Too often, though, we base our perceptions of ourselves — and our inherent value — not on the truth and what we know is real, but on what we allow others, through their own actions and words, to say about us. And it all goes on inside our own heads.
Imagine a couple of coworkers go out to lunch and don’t invite you to join them. As you watch them walk away, you’re overwhelmed by the same sense of exclusion you felt in junior high school when the “cool kids” made it clear you weren’t good enough (whatever that meant) to sit at their table. “You were a loser then and you’re a loser now,” you say to yourself (though perhaps not in so many words) as you eat alone at your desk.
One of the hardest — but most important — things we can do in our lives is to let go of the beliefs we attach to our experiences. In the words of Ralph Waldo Emerson (in his essay Self Reliance): “Nothing is at last sacred but the integrity of your own mind.
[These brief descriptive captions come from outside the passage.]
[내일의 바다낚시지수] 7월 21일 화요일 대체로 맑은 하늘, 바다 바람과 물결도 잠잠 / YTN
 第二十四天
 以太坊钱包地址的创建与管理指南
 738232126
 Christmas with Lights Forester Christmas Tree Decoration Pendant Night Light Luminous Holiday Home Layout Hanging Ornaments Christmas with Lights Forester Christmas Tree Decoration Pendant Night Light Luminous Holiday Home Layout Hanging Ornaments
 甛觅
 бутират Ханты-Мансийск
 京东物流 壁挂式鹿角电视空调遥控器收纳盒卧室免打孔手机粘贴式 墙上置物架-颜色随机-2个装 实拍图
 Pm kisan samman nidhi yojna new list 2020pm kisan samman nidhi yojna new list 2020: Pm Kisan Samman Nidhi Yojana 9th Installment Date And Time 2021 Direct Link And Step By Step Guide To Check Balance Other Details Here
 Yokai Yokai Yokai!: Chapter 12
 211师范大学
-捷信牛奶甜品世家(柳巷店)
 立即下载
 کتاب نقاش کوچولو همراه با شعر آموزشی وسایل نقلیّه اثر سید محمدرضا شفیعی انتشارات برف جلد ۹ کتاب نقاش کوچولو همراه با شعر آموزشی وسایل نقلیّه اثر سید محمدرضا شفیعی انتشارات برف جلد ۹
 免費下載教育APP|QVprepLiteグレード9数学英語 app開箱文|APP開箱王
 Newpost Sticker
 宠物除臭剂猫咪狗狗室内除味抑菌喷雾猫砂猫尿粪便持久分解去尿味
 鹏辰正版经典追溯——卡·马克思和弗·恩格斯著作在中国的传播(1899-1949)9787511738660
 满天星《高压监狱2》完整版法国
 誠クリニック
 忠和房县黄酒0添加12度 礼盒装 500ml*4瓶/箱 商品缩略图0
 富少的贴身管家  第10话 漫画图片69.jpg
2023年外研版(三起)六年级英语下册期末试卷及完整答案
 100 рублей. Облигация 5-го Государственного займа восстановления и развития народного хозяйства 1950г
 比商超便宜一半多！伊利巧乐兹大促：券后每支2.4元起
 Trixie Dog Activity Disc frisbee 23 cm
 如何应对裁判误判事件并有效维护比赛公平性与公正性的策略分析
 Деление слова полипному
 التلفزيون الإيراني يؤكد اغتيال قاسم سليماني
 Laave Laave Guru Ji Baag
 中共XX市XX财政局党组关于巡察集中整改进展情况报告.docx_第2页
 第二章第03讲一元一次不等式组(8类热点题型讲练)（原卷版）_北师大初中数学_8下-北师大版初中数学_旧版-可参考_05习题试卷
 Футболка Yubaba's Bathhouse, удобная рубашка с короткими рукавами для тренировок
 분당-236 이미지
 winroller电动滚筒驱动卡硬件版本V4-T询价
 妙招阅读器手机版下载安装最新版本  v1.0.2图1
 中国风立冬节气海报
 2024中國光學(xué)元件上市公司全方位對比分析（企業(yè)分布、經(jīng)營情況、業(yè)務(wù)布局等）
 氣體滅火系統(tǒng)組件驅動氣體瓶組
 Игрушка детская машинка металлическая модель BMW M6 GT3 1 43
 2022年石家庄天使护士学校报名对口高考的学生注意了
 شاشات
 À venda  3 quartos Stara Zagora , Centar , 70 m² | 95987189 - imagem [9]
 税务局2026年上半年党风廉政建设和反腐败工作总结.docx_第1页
Absolve you to yourself, and you shall have the suffrage of the world.” You weren’t a loser in junior high school — no matter what the cool kids said — and you aren't a loser now. What you've been willing to take as fact for all these years is just a piece of someone else's fiction.
If you're going to believe anyone's story about you, believe your own. Because you know better than anyone the truth of who you really are.
Writing exercise/prompt: Imagine yourself in the third person and describe yourself to a stranger. What are your strengths? What special talents or skills do you possess? What qualities are you most proud of? What's your favorite food, and why? What music do you like, and why? What's your favorite book or movie, and why?